Me traslado a mi escuela, donde pasaba largas horas desatendiendo las lecciones a más no poder –pobres profesores- y concentrándome arduamente en mirar por la ventana únicamente. No necesitaba más. Ahora sí y me pregunto por qué.
El adulto no logra descifrar en lo que fui a un infante completo. Alguna pieza hace falta. No está triste, pero parece cargar una inmensa y desolada depresión. Desolación, otra vez aparece la palabrita, con nuevas divagaciones… ¿Quién se la habrá inventado? Desolación, al pronunciarla me veo bajo un sol de mediodía, como de Viernes Santo, cuando todo confabula para rendir homenaje casualmente a la desolación: uno se siente solo, tan solo en este mundo que incluso sujetar la mano del ser amado en esos momentos no significa, porque uno está más allá del bien y del mal, del amor y del odio, de toda pasión, que es aniquilada por esa extraña sensación.
Un Viernes Santo al mediodía ni el viento respira ni las hojas se mueven ni uno se siente plenamente vivo. Estoy seguro. La palabra desolación debió haber sido creada un Viernes Santo al mediodía.
Una vez, ya de adulto, un sábado que limpiaba mi closet encontré un frasco de vidrio y dentro un papel amarillo por el tiempo. Al examinarlo, las palabras que habían dentro me causaron al principio gracia: era el testamento que de niño escribí pensando en morir. ¿Por qué deseaba la muerte? El adulto no lo sabe. Llegó, ciertamente, el día en que ese niño falleció y se llevó a la tumba, que es el cuerpo del adulto, ese secreto. El impacto me llevó a escribir un poema, que muestro aparte.

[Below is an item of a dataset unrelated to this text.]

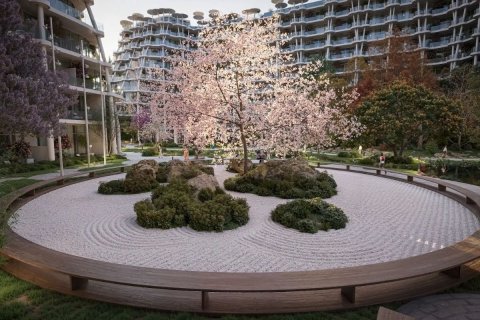 Apartment in Wadi Al Safa 2, Dubai 2 bedrooms, 150.7 sq.m. № 100125 - photo 15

Decía que me hizo gracia al principio, pero luego terminé llorando. ¿Por qué ese niño nunca obtuvo un dadivoso abrazo cuando lo necesitaba? Tuve que esperar media vida para tenerlo. Sucedió hace como cuatro años y fue el último abrazo que me dio mi padre. Como adulto tuve que buscarlo, no podía dejar este país sin recibir lo que siempre había añorado.
Mi padre nunca fue un hombre cruel, todo lo contrario, era tan bueno, tan justo y tan noble, que todavía y por siempre lo seguiré extrañado con una cuota interminable del dolor que su partida ha causado en su familia. Es solo que los abrazos y los besos no se acostumbraban en mi familia. ¡Maldita sea! Y yo que ahora tanto quisiera prolongar ese abrazo postrero.
Como decía, yo me iba del país siguiendo un sueño que concluyó en pesadilla, y él me llevó al aeropuerto. Nos despedimos con unas palmadas en el hombro, deseándonos ambos la mejor de las suertes. Yo ingresé al edificio y de repente algo sucedió. En la tumba de mis penares se revolcó el cadáver del niño, pidiendo su añorado abrazo. Yo tiré las maletas, al mejor estilo “hollywodiano” y él todavía estaba ahí afuera, como esperando algo o sintiendo lo mismo que yo sentía. Yo todavía puedo verlo, tengo la imagen grabada en la retina. Lo abracé tan fuerte y le dije: “Papá, muchas gracias por todo”. Él se sintió un poco atribulado y se quedó sin poder emitir palabra alguna. Me fui, tomé el avión, viví un poco más de lo debido y luego volví. Nunca imaginé que esa sería nuestra despedida.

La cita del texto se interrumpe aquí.